GAO study of workforce grants to combat opioid crisis finds additional Labor Dept. actions needed

A federal study into the effectiveness of workforce innovation grants has found that there is still much for the organization handing out the funding to do.

According to the General Accounting Office (GAO), the U.S. Department of Labor’s (DOL) Workforce Innovation and Opportunity Act (WIOA) grants would be more successful if further steps were taken by the DOL to manage the program.

WIOA grants were provided to 10 states to fund the needs of those affected by substance use disorder (SUD) to find jobs and get the training they needed to return to the workforce.

The GAO interviewed officials in four states that received grants – Maryland, New Hampshire, Ohio, and Washington—and two that did not—Alabama and Arizona to assess the effectiveness of the grants.

The GAO found officials in those states that received grants had limited experience serving those with SUD and found that the issue of getting those in recovery from SUD back to work faced unique challenges – a criminal history or lack of transportation for the SUD-affected job seeker, and a reluctance to hire someone in recovery on the part of the employer.

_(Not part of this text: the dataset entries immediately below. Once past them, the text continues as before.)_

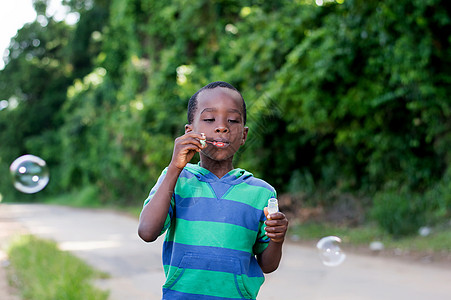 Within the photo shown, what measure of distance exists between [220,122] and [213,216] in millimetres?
354

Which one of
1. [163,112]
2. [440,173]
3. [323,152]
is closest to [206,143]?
[440,173]

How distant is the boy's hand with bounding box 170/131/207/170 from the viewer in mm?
2055

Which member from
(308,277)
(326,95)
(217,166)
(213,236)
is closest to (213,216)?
(213,236)

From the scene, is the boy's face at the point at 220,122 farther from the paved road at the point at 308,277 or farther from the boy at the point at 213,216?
the paved road at the point at 308,277

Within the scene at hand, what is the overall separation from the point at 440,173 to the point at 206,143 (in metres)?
8.87

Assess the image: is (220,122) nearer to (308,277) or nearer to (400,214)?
(308,277)

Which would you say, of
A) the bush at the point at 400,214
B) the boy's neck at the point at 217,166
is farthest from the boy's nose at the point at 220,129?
the bush at the point at 400,214

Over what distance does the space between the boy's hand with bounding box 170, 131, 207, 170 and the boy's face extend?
0.08m

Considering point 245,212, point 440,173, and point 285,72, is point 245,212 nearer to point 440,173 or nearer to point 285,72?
point 285,72

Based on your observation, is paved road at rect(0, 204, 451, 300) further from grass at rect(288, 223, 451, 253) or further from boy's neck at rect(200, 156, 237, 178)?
boy's neck at rect(200, 156, 237, 178)

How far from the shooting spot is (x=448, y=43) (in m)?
8.76

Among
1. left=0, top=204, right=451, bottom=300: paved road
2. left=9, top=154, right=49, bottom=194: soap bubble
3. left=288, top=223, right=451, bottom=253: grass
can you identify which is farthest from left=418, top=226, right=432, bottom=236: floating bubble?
left=9, top=154, right=49, bottom=194: soap bubble

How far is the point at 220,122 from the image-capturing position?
214 centimetres

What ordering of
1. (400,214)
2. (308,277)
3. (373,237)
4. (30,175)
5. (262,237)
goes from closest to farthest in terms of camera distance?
(262,237) < (30,175) < (308,277) < (400,214) < (373,237) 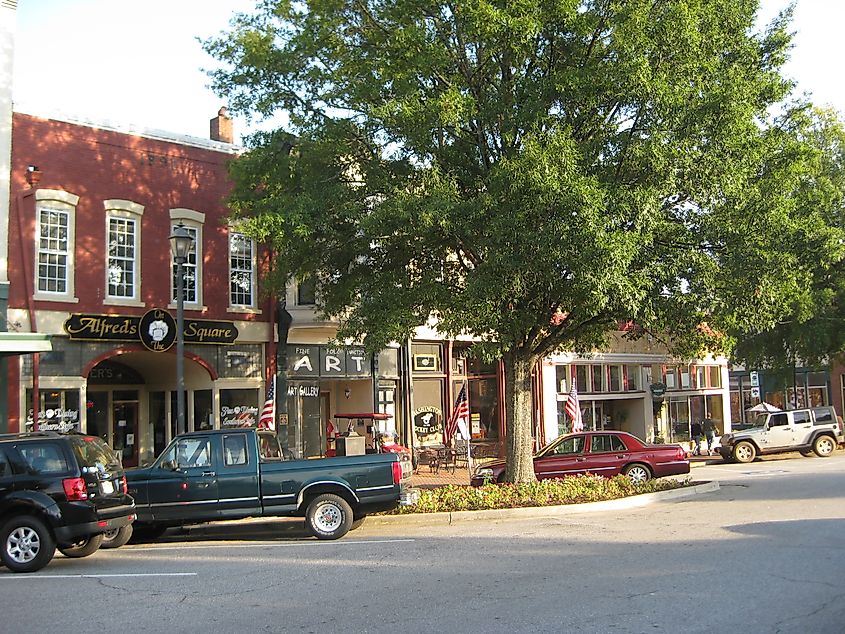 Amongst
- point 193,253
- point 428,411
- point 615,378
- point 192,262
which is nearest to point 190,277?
point 192,262

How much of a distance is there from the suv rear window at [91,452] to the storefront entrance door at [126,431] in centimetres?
1053

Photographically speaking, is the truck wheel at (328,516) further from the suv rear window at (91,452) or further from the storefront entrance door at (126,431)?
the storefront entrance door at (126,431)

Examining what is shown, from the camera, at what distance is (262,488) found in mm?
13469

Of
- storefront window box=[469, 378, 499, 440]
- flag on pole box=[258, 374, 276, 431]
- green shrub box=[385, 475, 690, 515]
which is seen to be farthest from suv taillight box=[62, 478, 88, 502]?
storefront window box=[469, 378, 499, 440]

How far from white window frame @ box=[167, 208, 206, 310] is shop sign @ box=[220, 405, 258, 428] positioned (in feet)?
9.34

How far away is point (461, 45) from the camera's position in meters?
15.7

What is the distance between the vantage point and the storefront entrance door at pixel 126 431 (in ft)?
74.8

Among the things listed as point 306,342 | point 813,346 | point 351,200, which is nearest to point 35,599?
point 351,200

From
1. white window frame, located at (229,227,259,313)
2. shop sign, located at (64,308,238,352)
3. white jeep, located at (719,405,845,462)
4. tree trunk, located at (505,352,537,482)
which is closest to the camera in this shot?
tree trunk, located at (505,352,537,482)

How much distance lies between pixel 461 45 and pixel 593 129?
2814mm

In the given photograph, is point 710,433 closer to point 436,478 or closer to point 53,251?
point 436,478

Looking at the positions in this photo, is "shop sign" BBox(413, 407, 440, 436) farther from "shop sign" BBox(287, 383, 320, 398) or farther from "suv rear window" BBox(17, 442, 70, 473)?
"suv rear window" BBox(17, 442, 70, 473)

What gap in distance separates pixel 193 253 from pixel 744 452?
19336mm

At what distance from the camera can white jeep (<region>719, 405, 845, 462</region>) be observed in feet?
98.1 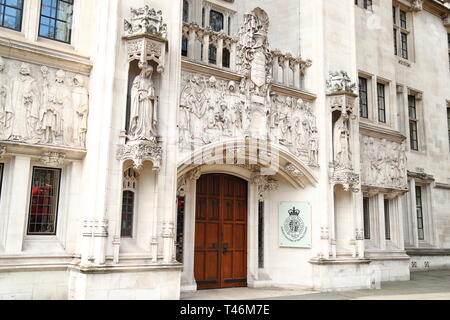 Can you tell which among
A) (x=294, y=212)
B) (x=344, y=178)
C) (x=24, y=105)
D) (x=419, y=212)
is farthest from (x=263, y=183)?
(x=419, y=212)

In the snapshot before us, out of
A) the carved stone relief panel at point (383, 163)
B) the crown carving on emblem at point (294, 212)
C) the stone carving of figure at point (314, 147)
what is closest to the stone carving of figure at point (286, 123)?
the stone carving of figure at point (314, 147)

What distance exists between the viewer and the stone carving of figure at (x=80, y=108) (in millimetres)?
10242

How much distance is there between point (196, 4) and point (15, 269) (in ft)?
30.7

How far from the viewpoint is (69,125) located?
33.3 feet

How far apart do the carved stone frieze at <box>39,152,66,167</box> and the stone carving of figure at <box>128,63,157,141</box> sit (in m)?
1.53

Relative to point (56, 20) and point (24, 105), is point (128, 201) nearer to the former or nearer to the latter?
point (24, 105)

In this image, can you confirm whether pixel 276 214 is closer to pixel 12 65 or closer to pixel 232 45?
pixel 232 45

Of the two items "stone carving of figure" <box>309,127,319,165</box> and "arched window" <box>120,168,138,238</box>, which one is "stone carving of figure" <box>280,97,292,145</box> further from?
"arched window" <box>120,168,138,238</box>

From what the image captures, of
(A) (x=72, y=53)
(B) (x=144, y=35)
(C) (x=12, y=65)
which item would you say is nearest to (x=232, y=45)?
(B) (x=144, y=35)

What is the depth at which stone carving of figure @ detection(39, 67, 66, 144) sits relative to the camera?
9766 millimetres

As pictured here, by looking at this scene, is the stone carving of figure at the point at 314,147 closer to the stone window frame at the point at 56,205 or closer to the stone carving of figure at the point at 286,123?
the stone carving of figure at the point at 286,123

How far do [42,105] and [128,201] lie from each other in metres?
2.75

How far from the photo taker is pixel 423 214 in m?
20.1

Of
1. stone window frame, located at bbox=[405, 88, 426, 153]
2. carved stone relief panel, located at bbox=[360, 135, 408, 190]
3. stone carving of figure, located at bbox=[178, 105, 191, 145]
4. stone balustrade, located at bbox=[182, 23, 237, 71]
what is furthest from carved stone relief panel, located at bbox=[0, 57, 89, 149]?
→ stone window frame, located at bbox=[405, 88, 426, 153]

“They stated that employers are concerned about the risks to their businesses, such as potential employee relapse and possible negative reaction from customers. Officials were seeking more information and assistance to help address such concerns,” the report said.

But dealing with those unexpected outcomes wasn’t something the DOL was help states with, the GAO said. Instead, the DOL offered information on how to apply for grants without providing clear information on what the department’s expectations of the states would be.

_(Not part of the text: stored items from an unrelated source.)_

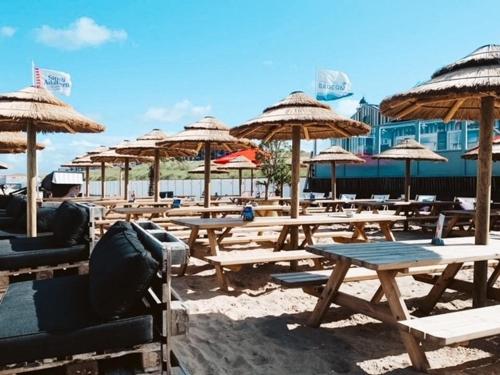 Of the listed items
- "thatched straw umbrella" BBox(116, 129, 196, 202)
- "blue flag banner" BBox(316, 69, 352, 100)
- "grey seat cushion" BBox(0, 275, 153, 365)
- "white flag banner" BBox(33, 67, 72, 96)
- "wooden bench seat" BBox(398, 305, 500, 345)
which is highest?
"blue flag banner" BBox(316, 69, 352, 100)

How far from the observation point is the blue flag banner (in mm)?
20922

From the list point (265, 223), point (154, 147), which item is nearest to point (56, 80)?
point (154, 147)

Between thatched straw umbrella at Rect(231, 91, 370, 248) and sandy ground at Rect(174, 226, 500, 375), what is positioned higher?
thatched straw umbrella at Rect(231, 91, 370, 248)

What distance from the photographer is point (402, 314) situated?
3.28 m

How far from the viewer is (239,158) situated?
16.0 m

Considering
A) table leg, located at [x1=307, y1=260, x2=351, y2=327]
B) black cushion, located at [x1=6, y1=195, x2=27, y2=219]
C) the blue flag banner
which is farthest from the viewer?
the blue flag banner

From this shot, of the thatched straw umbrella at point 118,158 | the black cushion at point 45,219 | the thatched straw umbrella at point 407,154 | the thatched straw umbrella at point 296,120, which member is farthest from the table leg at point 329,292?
the thatched straw umbrella at point 118,158

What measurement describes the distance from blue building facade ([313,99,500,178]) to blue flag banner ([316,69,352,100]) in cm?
141

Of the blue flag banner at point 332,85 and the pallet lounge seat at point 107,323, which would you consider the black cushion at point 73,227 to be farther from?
the blue flag banner at point 332,85

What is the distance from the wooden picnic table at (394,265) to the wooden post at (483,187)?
17 centimetres

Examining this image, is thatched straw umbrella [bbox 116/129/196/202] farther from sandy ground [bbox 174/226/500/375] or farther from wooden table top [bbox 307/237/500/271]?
wooden table top [bbox 307/237/500/271]

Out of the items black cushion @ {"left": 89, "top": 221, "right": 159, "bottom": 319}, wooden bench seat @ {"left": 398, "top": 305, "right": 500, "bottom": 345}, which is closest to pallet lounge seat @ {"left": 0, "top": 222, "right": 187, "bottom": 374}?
black cushion @ {"left": 89, "top": 221, "right": 159, "bottom": 319}

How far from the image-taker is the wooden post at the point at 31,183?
17.7 ft

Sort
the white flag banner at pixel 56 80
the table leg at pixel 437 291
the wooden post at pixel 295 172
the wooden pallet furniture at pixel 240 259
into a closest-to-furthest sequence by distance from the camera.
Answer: the table leg at pixel 437 291, the wooden pallet furniture at pixel 240 259, the wooden post at pixel 295 172, the white flag banner at pixel 56 80
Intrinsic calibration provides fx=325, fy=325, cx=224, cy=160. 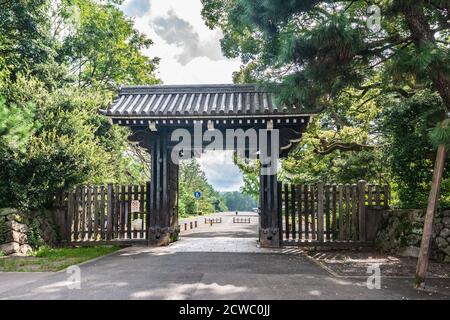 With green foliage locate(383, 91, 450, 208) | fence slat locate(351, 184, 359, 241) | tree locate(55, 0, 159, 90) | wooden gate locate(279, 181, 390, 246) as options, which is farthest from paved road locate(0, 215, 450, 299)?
tree locate(55, 0, 159, 90)

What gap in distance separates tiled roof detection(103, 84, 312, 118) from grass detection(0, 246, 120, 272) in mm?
3798

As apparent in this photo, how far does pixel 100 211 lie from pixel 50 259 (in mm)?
2663

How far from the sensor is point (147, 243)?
9.73 metres

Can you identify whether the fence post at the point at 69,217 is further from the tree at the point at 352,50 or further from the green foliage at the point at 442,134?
the green foliage at the point at 442,134

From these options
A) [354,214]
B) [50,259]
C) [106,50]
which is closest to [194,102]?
[50,259]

“However, officials in two selected states expressed uncertainty about DOL’s expectations of states in serving the needs of SUD-affected job seekers and potential employers,” the GAO report said. “Officials in another state said they were unclear on whether they could use non-targeted funds to continue targeted grant activities. GAO’s review of related DOL guidance found that it does not provide specific information on expectations of states or the use of WIOA funds outside of targeted grants to address this issue. Further, while DOL has disseminated some information on serving job seekers with SUD (such as in quarterly calls with grant recipients), it does not plan to share information that grantees submit to the agency, such as lessons learned and successes, with all states.”

The GAO recommended that the DOL take steps to clarify its expectations of state workforce agencies and how grant funding can be used. It also recommended that the DOL share information with all states on lessons learned and promising practices.

The GAO said the DOL agreed with its recommendations and would update its report when DOL took action on the recommendations.